A criada encheu as xícaras com um aromático chá morno. Lionor levou a bebida aos lábios, soprando levemente antes de beber.

– Bem, Lionor... não vou mentir... sempre pensei como a mamãe. – confessou Nina – Mas não sou a pessoa mais adequada para te aconselhar sobre este assunto. Sabe que eu tenho uma certa antipatia por Nigel. Ele demonstrou ser agressivo e mentiroso no passado. Espero que ele seja bom, gentil e sincero para você. Mas você não disse se voltou e pediu perdão por tê-lo esmurrado.

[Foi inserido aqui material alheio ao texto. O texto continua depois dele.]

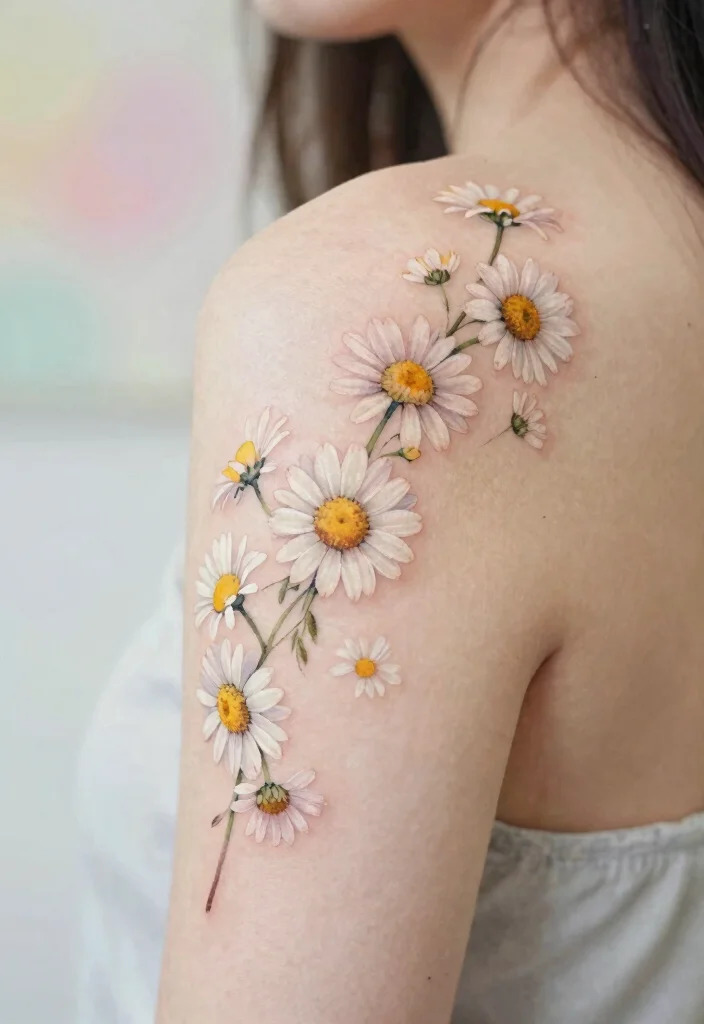 16 Flower on Shoulder Tattoo Ideas With Soft Feminine Detail - 6. Dainty Daisy Chain 1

– Não o vejo desde então. Saí da casa da mamãe e vim direto para cá. Hermes me disse que não se pede perdão pelo que aconteceu na arena, pois quem luta aprende a não levar para o lado pessoal. Ele é que me deve perdão pelas suas mentiras.

Os dias na Casa do Lago eram perfeitos, mas Lionor esperava, todos os dias, que Nigel aparecesse para buscá-la como fizera da outra vez. E ele não veio no dia seguinte, nem no outro. E três dias depois de ter chegado à casa da irmã, foi intimada a retornar ao palácio, a fim de fazer parte da empreitada de caça aos dois fugitivos da fortaleza.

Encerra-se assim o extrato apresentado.